Support isn't the only reason Lyme sufferers turn towards suicide, the symptoms can be very unbearable. I have talked to a lot of people who have both Lyme and have gone through chemotherapy, majority of them have said to me Lyme is worse. I've been told they both feel very similar to each other except Lyme never ends. I will admit that I, myself, have had days with symptoms so bad that I understand those commit suicide because of it... It's a never ending cycle, when you feel good, you fall back down again and that is the worst feeling in the world. I would never consider suicide, I have family and friends who will support me through all of it, and I am lucky enough to have finances available to see one of the top Lyme doctors in the nation. I've also never been on to give up. But I can truly see why so many have, and no one could possibly understand that until they have lived a day with Lyme.

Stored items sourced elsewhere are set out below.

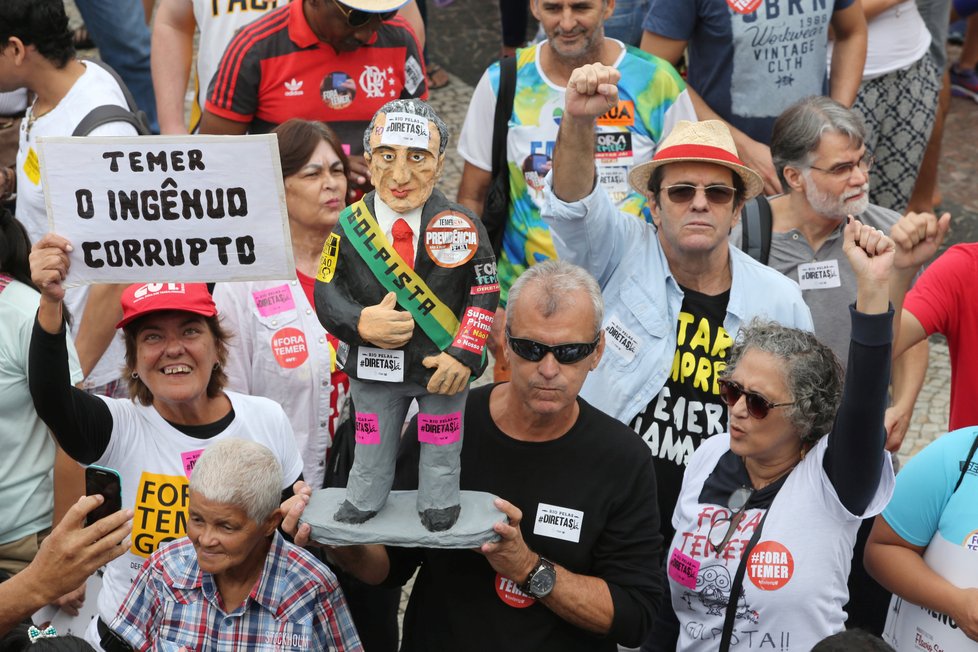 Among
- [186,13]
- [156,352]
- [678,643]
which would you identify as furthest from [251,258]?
A: [186,13]

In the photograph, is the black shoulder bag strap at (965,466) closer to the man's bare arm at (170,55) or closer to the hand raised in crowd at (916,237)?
the hand raised in crowd at (916,237)

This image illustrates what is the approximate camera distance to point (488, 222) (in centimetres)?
538

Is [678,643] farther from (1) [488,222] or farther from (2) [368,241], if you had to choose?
(1) [488,222]

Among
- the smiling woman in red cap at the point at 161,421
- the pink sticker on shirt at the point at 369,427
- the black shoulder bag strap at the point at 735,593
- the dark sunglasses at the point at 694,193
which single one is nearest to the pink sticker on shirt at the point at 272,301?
the smiling woman in red cap at the point at 161,421

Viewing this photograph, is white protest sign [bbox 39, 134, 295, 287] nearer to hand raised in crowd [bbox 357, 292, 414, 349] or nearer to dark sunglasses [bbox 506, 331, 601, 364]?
hand raised in crowd [bbox 357, 292, 414, 349]

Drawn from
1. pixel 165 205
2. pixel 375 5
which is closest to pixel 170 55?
pixel 375 5

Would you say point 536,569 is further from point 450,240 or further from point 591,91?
point 591,91

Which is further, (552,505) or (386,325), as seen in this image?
(552,505)

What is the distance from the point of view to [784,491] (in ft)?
12.3

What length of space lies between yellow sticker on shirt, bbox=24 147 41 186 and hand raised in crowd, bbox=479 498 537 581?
103 inches

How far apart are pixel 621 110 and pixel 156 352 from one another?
222 centimetres

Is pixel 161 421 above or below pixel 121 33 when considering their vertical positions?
below

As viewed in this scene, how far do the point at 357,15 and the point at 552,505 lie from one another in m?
2.37

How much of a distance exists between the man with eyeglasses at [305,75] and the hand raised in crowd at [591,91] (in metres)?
1.44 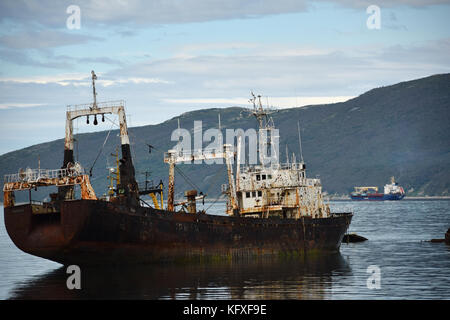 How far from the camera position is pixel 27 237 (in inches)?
1794

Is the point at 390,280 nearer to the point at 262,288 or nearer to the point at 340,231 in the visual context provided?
the point at 262,288

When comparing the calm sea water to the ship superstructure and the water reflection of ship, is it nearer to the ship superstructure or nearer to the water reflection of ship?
the water reflection of ship

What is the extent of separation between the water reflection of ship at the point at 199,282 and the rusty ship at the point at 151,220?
128 cm

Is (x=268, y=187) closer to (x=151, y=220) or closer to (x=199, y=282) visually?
(x=151, y=220)

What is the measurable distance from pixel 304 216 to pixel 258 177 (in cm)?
494

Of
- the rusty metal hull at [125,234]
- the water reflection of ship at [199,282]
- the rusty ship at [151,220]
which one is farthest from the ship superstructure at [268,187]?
the water reflection of ship at [199,282]

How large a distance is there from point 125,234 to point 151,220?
2092 millimetres

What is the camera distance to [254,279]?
42.4 metres

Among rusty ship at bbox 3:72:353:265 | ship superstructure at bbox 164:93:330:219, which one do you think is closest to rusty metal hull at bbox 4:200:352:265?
rusty ship at bbox 3:72:353:265

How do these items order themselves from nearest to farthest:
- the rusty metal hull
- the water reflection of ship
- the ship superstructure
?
1. the water reflection of ship
2. the rusty metal hull
3. the ship superstructure

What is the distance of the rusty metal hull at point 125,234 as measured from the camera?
43906mm

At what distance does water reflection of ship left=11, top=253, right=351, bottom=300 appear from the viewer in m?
37.1

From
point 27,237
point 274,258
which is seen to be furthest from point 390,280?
point 27,237

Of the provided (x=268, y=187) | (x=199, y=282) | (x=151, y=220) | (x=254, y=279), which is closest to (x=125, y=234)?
(x=151, y=220) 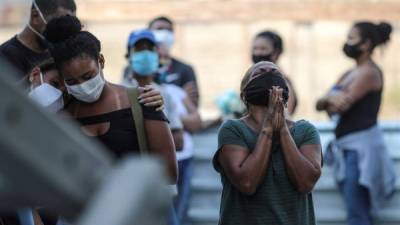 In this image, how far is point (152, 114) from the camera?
13.3 ft

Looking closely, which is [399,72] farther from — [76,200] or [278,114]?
[76,200]

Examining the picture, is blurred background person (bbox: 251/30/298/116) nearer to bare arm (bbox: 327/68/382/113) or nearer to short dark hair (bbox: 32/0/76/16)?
bare arm (bbox: 327/68/382/113)

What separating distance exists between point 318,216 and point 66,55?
415cm

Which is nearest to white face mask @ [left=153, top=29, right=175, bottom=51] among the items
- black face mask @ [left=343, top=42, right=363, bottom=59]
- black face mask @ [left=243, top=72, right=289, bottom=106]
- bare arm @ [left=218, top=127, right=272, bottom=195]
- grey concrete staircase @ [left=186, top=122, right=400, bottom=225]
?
grey concrete staircase @ [left=186, top=122, right=400, bottom=225]

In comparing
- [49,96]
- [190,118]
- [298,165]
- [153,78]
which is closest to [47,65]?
[49,96]

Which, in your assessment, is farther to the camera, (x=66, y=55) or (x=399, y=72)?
(x=399, y=72)

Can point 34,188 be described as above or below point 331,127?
above

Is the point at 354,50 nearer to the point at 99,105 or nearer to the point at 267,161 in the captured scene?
the point at 267,161

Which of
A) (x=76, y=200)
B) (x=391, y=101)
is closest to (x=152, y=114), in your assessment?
(x=76, y=200)

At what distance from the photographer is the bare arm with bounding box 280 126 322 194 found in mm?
4117

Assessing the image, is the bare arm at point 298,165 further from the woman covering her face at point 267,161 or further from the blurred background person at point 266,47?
the blurred background person at point 266,47

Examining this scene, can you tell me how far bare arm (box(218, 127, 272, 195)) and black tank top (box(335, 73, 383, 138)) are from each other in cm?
302

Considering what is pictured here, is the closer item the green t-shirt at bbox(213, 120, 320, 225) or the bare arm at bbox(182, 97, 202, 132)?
the green t-shirt at bbox(213, 120, 320, 225)

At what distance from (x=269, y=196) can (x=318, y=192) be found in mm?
3684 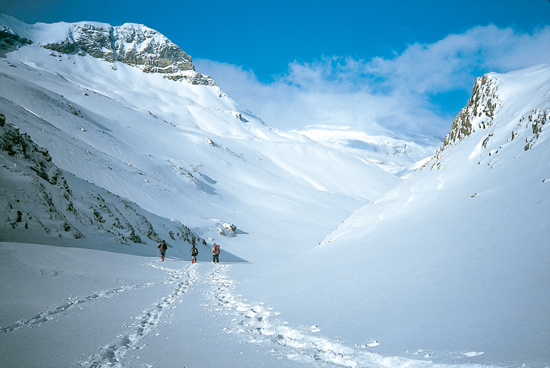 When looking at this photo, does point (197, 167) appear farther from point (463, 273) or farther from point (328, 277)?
point (463, 273)

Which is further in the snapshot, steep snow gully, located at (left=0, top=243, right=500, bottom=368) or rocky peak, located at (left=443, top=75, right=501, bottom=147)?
Result: rocky peak, located at (left=443, top=75, right=501, bottom=147)

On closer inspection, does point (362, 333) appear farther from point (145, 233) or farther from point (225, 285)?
point (145, 233)

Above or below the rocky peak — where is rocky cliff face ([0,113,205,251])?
below

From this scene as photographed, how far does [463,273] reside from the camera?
249 inches

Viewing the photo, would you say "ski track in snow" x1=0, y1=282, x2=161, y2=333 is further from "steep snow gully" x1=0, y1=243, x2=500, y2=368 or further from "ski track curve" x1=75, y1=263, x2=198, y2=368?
"ski track curve" x1=75, y1=263, x2=198, y2=368

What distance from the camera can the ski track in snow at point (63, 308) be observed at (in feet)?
17.3

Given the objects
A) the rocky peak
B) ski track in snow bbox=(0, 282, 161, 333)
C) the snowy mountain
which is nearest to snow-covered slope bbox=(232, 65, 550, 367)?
the snowy mountain

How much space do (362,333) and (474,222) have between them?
26.1 ft

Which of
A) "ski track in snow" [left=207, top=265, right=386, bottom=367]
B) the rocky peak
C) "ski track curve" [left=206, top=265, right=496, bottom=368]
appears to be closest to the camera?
"ski track curve" [left=206, top=265, right=496, bottom=368]

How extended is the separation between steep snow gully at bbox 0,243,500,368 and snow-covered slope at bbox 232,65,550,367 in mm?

The Lyme suicides could possibly be cut down in numbers if we just told someone we loved them. Not tell them their treatment is wrong, they aren't in as much pain as someone else or there's always someone else worse out there, but just that you love them. (More on the weird competition that seems to go on with Lyme patients in another blog entry.) if you know anyone with Lyme, just tell them you love them and you care about them. Also, don't be thrown off if they seem okay, Lyme patients are really good at faking "feeling good". It's our hidden talent.

Please share this and tell at least one Lyme you love them today; it'll make their day, and maybe prevent another Lyme death.

(There is so much I didn't cover reasons why Lyme suicide is a thing.... There are so many reasons things can go wrong with a Lymie.)